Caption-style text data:
========================================================================
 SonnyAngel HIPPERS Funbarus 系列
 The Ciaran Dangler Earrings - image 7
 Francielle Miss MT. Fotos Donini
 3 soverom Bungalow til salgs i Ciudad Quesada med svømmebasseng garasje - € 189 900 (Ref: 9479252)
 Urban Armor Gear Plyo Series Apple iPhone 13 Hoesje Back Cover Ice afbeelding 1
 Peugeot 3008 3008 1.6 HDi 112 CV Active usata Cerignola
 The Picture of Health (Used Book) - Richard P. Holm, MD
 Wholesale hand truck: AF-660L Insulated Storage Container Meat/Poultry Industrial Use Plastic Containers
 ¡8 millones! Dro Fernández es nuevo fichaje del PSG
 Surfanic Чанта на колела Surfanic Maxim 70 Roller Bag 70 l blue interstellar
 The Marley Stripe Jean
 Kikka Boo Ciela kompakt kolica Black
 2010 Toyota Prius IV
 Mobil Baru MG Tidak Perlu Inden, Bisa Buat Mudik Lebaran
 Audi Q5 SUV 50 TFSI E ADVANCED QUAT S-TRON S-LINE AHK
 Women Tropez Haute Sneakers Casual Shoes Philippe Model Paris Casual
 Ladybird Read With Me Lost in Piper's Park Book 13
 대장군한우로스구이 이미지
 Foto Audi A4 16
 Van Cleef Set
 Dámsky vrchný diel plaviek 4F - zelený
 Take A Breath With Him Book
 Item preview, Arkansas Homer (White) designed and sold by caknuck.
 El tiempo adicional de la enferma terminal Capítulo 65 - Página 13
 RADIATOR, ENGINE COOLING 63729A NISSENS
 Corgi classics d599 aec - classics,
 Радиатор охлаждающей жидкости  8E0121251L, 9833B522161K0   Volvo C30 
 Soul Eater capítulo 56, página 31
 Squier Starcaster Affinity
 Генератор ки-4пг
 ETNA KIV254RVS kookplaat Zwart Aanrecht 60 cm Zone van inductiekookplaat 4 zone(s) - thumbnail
========================================================================
Whenever a line of the entries contains the string "Audi", copy that line.

 Audi Q5 SUV 50 TFSI E ADVANCED QUAT S-TRON S-LINE AHK
 Foto Audi A4 16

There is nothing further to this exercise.